⟨

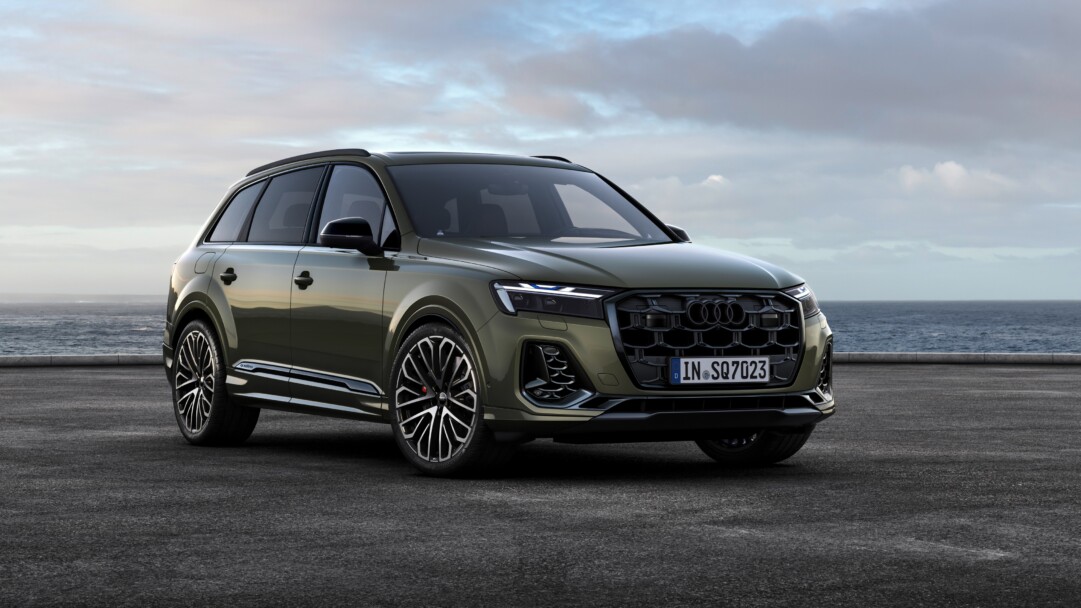 A stunning 4K wallpaper showcasing the Audi SQ7 TFSI 2024, a pinnacle of automotive excellence. The high-resolution image captures the sleek design and performance prowess of this luxury car, making it an ideal choice for your desktop or mobile wallpaper.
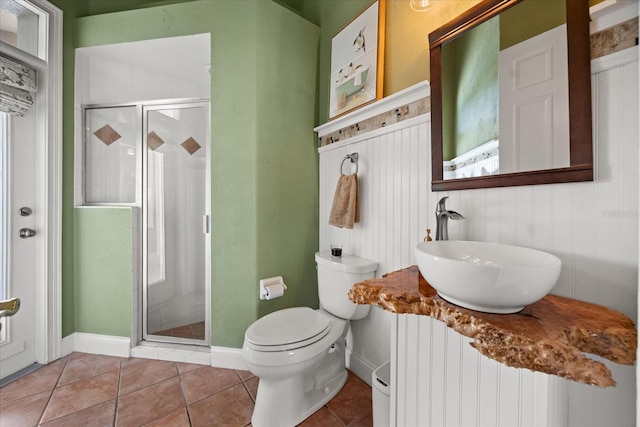 10664 Emerald Chase Dr, Orlando, FL 32836 - bathroom featuring tile patterned floors, toilet, radiator heating unit, a shower stall, and a sink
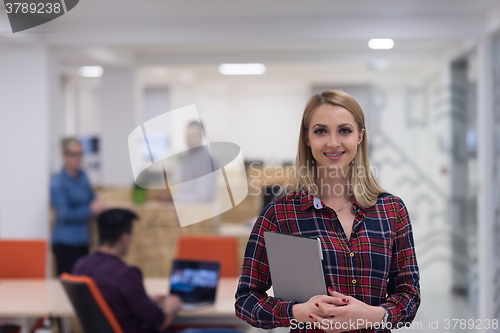 Image of portrait of young business woman at office with team in backgrou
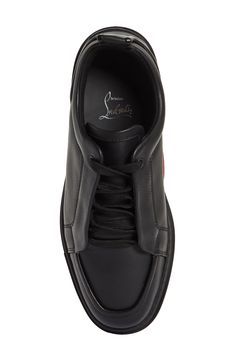 An inverted apron toe brings modern appeal to a calfskin leather sneaker with a logo-marked red sole that oversteps its bounds and colors the inner sidewall. Lace-up style Wipe with a soft, dry cloth and store in a dust bag Removable insole Leather upper and lining/synthetic sole Made in Italy Designer Shoes Red Sole, Fabric Gift Bags, Christian Louboutin Shoes, Up Styles, Leather Sneakers, Calf Skin, Designer Shoes, Leather Bag, Christian Louboutin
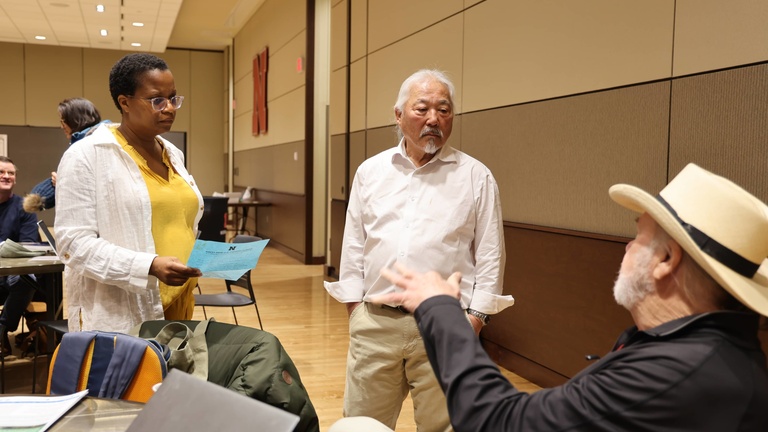 People talking at a conference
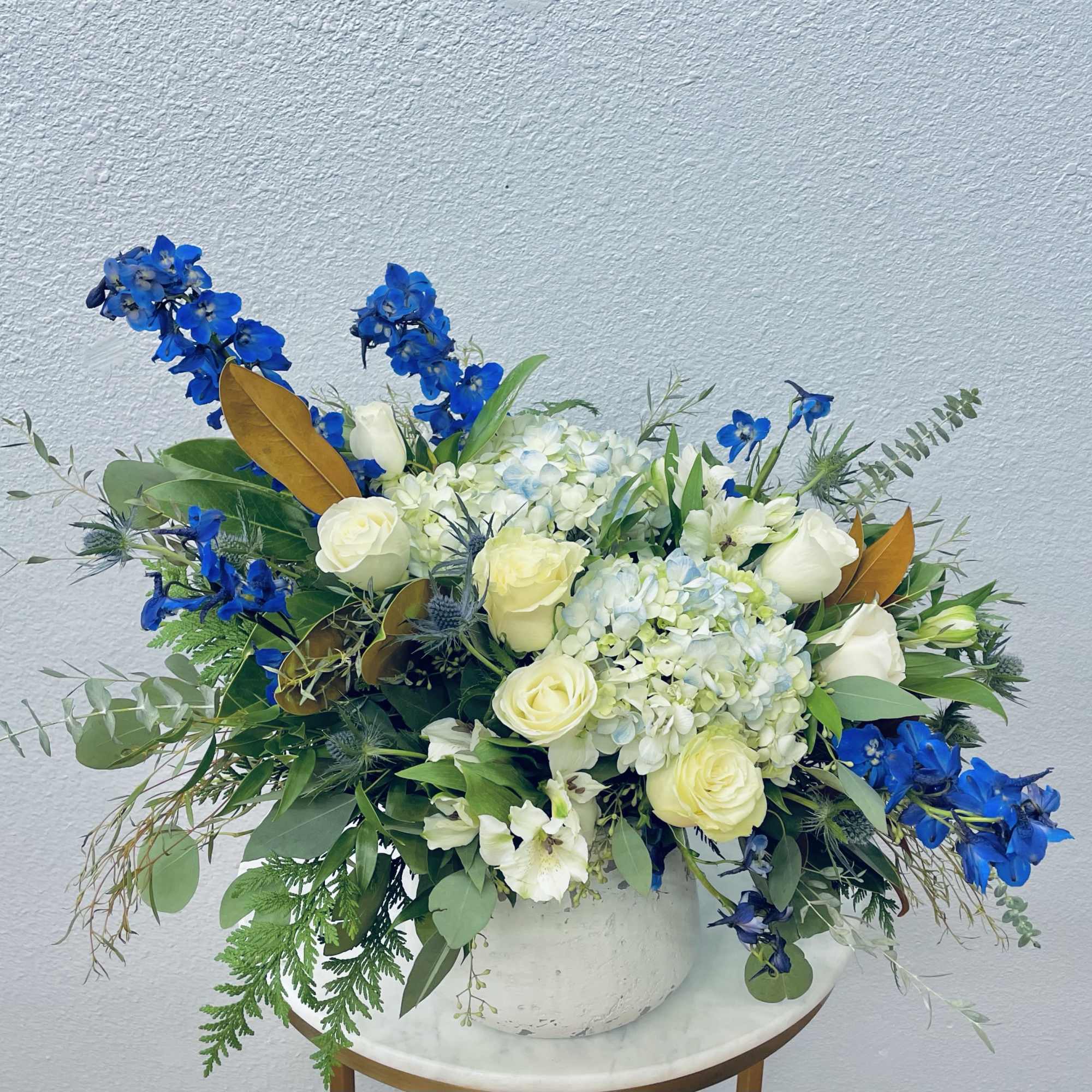 White roses and hydrangeas with bright blue flowers in a white vase
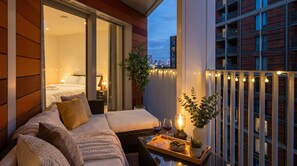 Un balcon avec un canapé, une table à manger et un pot de fleurs.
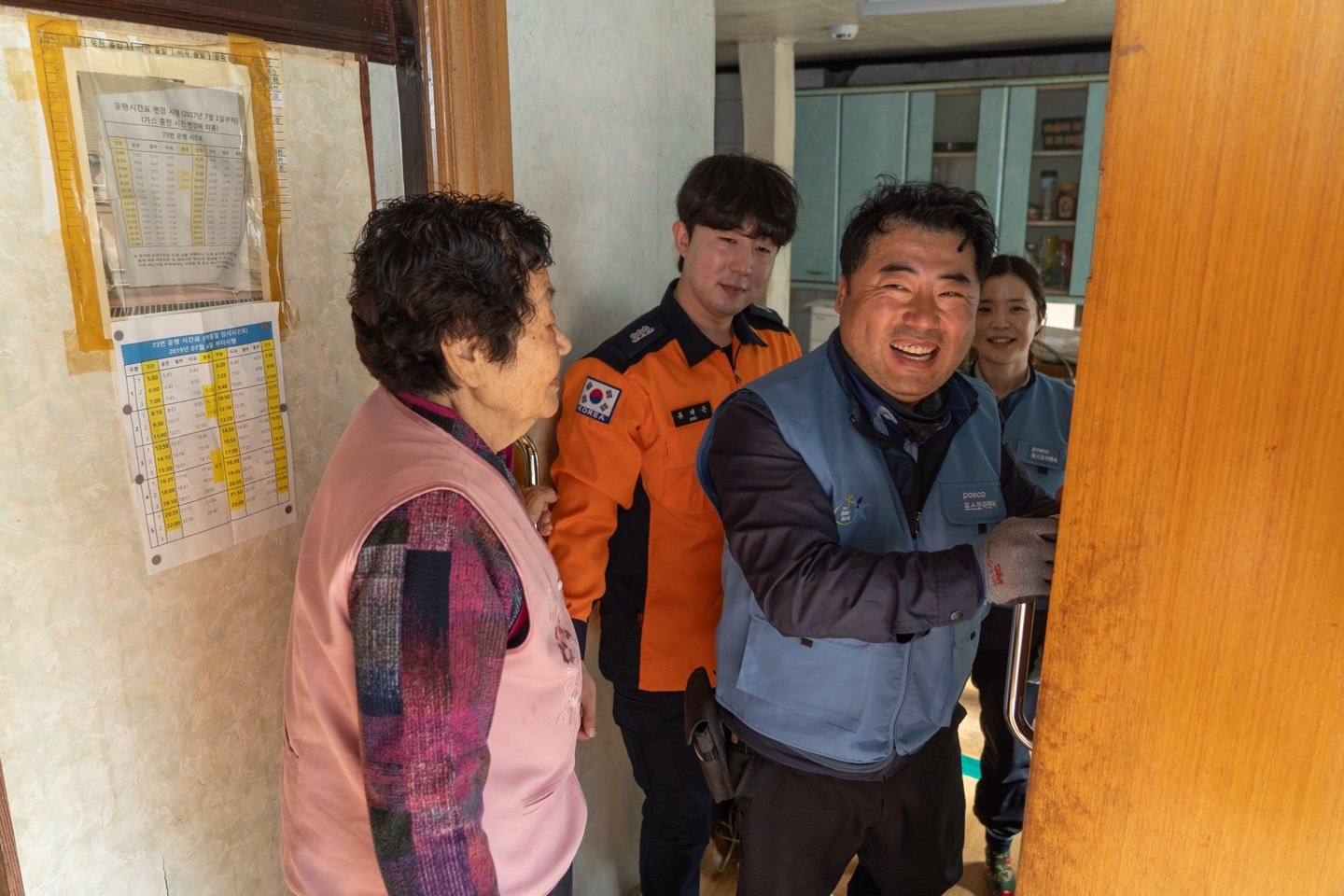 현관 문틀에 새로 단 손잡이 앞에서 웃는 집주인 할머니와 소방관, 봉사단 직원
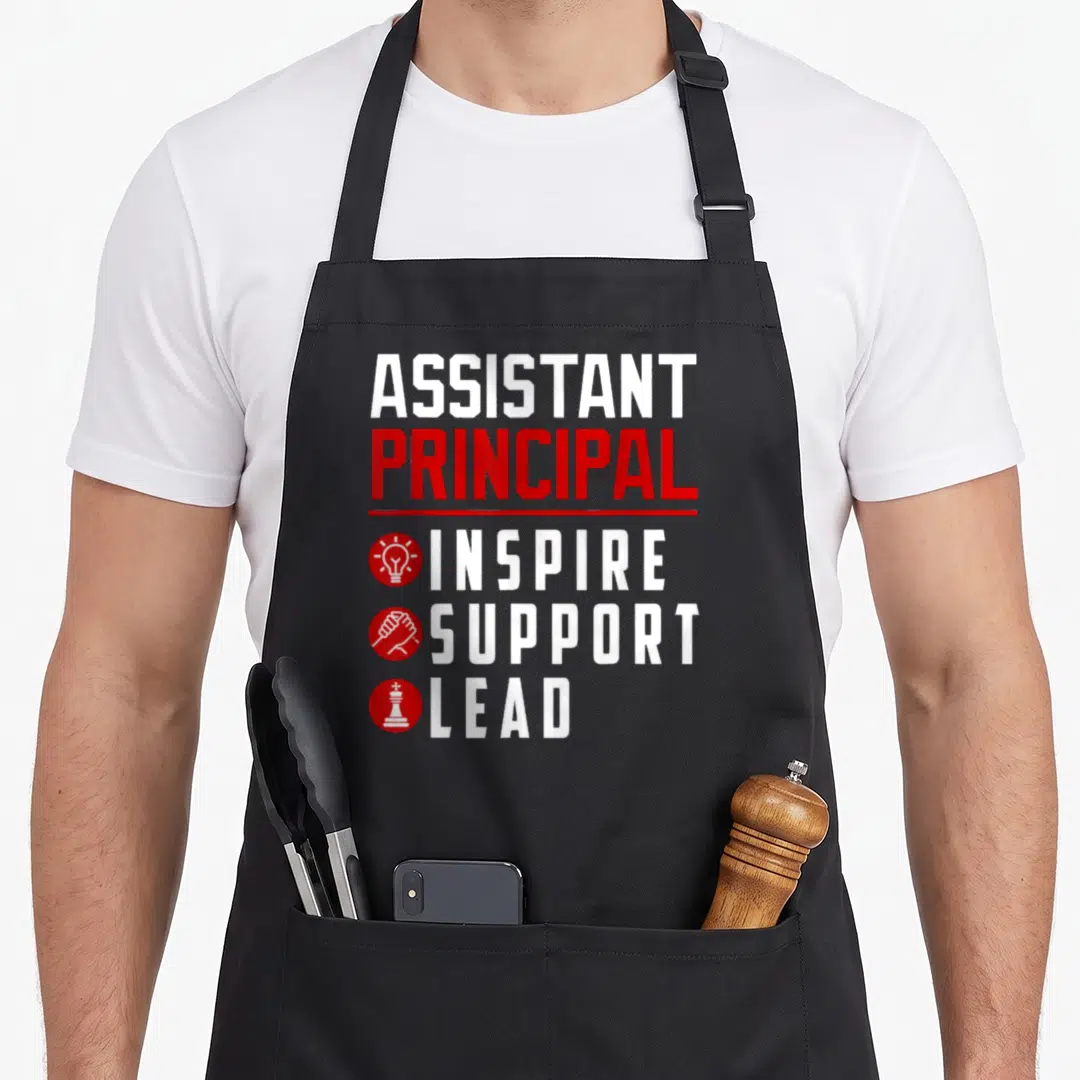 Inspire principal apron - Assistant Principal text with Inspire Support Lead icons and symbols in white and red — shown on a black cotton canvas apron against a white background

⟩

▸ **EXERCISE DETAILS**
Your copy should run from the line that has "Un balcon avec" through the last line above, exactly, with both ends in and pictures out.

▸ **WRITTEN RESPONSE**
 Un balcon avec un canapé, une table à manger et un pot de fleurs.
 현관 문틀에 새로 단 손잡이 앞에서 웃는 집주인 할머니와 소방관, 봉사단 직원
 Inspire principal apron - Assistant Principal text with Inspire Support Lead icons and symbols in white and red — shown on a black cotton canvas apron against a white background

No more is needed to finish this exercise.